What I want could be handled by InfluxDB and Grafana with a couple of add-ons; but one of the recurring themes on these forums is people daunted by the complexity of the task of installing those. I understand that; I have a Raspberry Pi under the desk with InfluxDB installed, sucking data from my two Iotawatts, but when I got to the Grafana stage I just threw up my hands and said “there’s got to be a better way”.

So what I have is a small module that doesn’t do any of what I want (yet), except for the basics of communicating with the Iotawatt and pulling out data. Everyone who wants to use it will have to take it from there to do what they want, based on the software tools that they’re used to using.

I understand all that. By all means program a solution to fit your needs.

I’m about as Linux illiterate as they come. I rely on my son for help when I get into trouble. That said, starting from scratch, it took me about an hour to google installation tutorials for influx and grafana and install them. They are working great.

But grafana won’t solve your problem. I’d recommend using PVoutput. You don’t need to upload generation. It works just fine uploading only usage, it’s free, and it’s easy to setup on IoTaWatt.

More importantly, PVoutput has the ability to specify complex tariffs. So you could potentially get accurate cost data.

IoTaWatt is a data collection tool. That the Graph+ output is pretty doesn’t mean it’s not useful and accurate. Your right that it’s not designed to convey the costs associated with your time-of-use based tariff. It does provide a convenient way to get a download of, say, hourly kWh over the month as you indicate you want to analyze. That CSV download is easily plugged into a spreadsheet to do cost analysis, or sucked into a python engine.

I’ll be interested in how you finally resolve your austerity quest.

Thanks, overeasy.
What I’ve found out is that you’ve made it extremely trivial to get all kinds of great data out of the IotaWatt, but it wasn’t obvious to me that it’s really as easy as it actually is.

Besides, I looked at this as a great way to learn Python while getting some useful work done while locked down at home. Now, if I could just figure out why I can’t find my iotawatts using “iotawatt.local”. Maybe I’ll have to upgrade from Win7.

Sounds like a particular predatory electricity supplier with the pricing.

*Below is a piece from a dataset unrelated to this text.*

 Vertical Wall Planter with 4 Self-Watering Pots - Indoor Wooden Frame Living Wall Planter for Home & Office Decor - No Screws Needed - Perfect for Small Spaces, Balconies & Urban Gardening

Well, a few years ago the electric utility spent millions trying to influence the election for our Corporation Commission, which is the governmental body that…(wait for it)…sets electric rates.
But, if one can more-or-less eliminate electric usage during peak time, this rate is much cheaper than the alternative rate that has the same cost all day long. Roughly 90% of my usage is off-peak.

Changes the battery dynamic, even without PV. If the desired effect is to reduce peak-time demand, it appears to be working in your case. That can translate into big capital savings in generation capacity and distribution infrastructure or conversely, big expenses for same, so maybe there is some justification.